I do not long to return to the day where different graphics cards output difference image quality at the same up front graphics settings. This was very annoying in the past. You had some cards that looked faster if you just looked at their fps numbers. But then you looked at the image quality and noticed that one was noticeably worse.
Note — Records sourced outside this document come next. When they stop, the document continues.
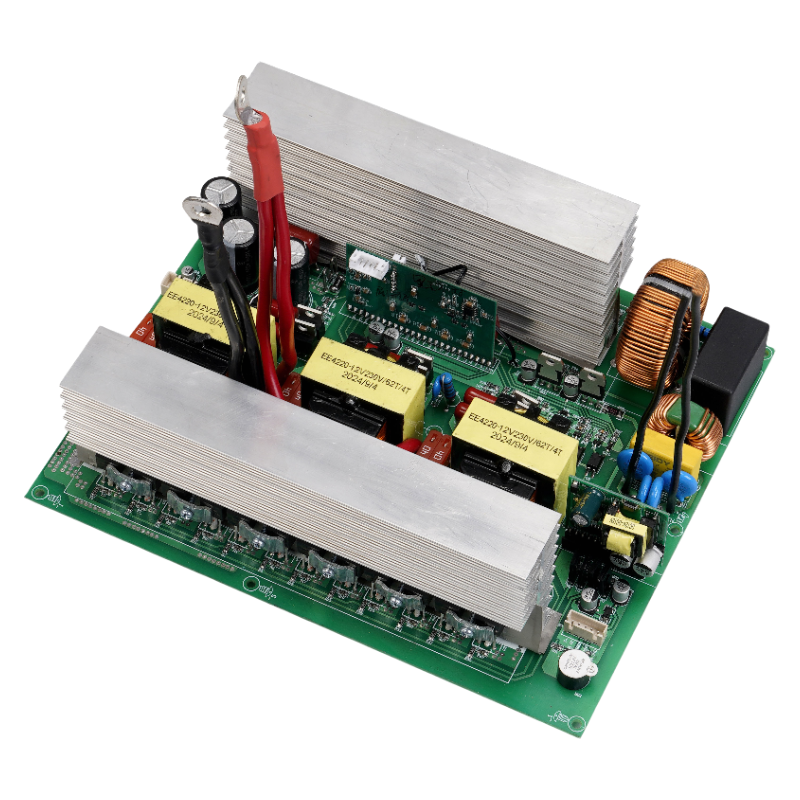 ROGERELE P2000 2000W pure sine wave inverter PCBA with heatsinks, transformers and power components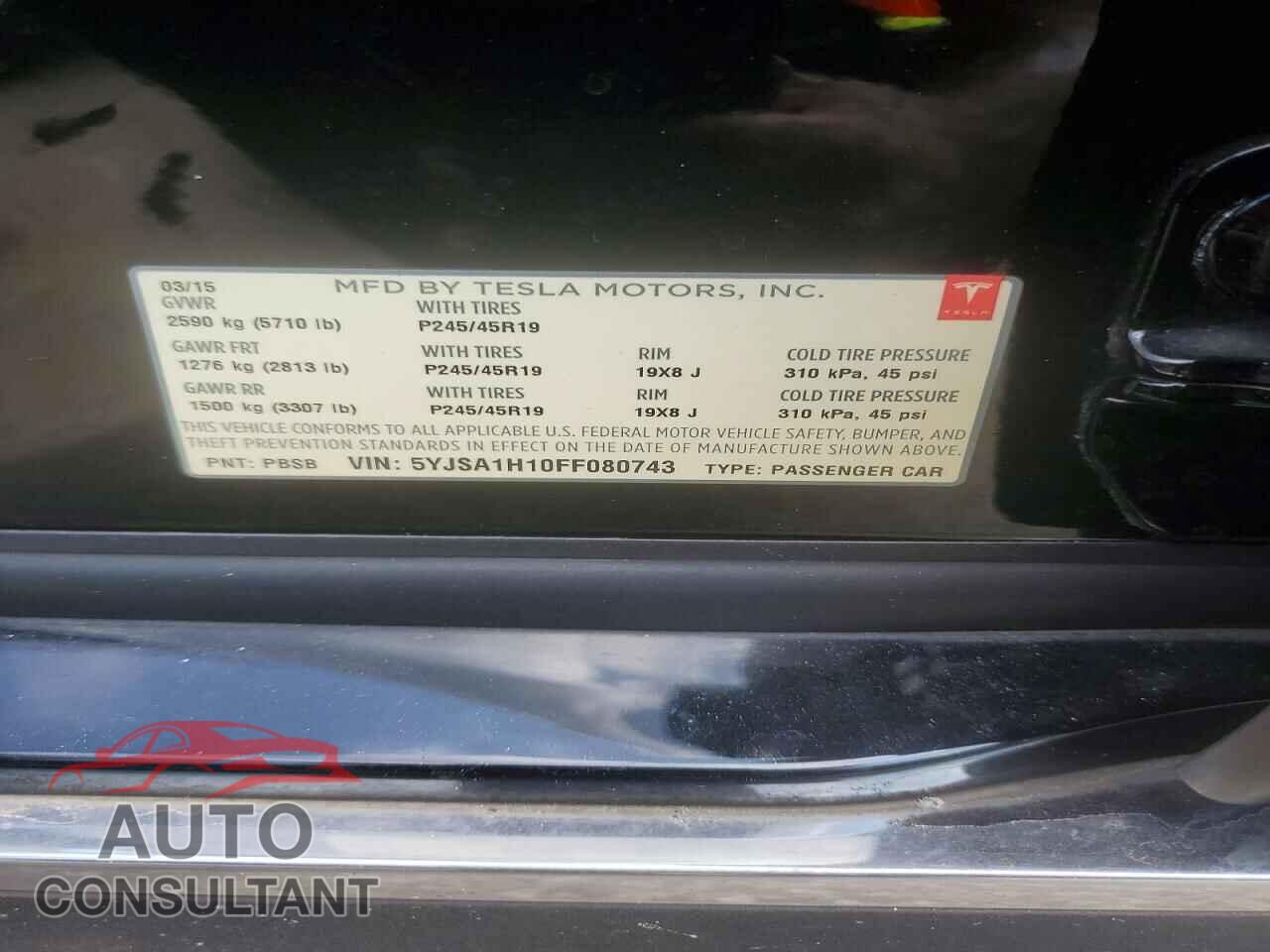 TESLA MODEL S 2015 - 5YJSA1H10FF080743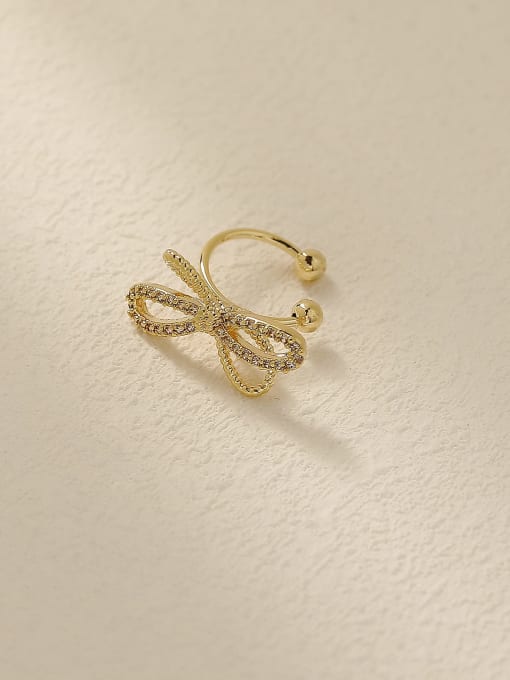 14k Gold Brass Cubic Zirconia Bowknot Vintage Clip Trend Korean Fashion Earring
I worry that in the end we might end up in the age of blur. Where we have localized areas of shiny highly detailed objects/effects layered on top of an increasingly blurry background. -
CaptainTom I have to admit that since I have a high-refresh (non-Adaptive Sync) monitor, I am eyeing the 2080 Ti. DLSS would be nice if it was free in 1080p (and worked well), and I still don't need to worry about Gstink. But then again I have a sneaking suspicion that AMD is going to respond with 7nm Cards sooner than everyone expects, so we'll see.Reply
P.S. Guys the 650 Ti was a 106 card lol. Now a xx70 is a 106 card. Can't believe the tech press is actually ignoring the fact that Nvidia is relabeling their low-end offering as a xx70, and selling it for $600 (Halo product pricing). I swear Nvidia could get away with murder... -
mlee 2500 4nm is no longer considered a "Slight Density Improvement".Reply
Hasn't been for over a decade. It's only lumped in with 16 from a marketing standpoint becuase it's no longer the flagship lithography (7nm).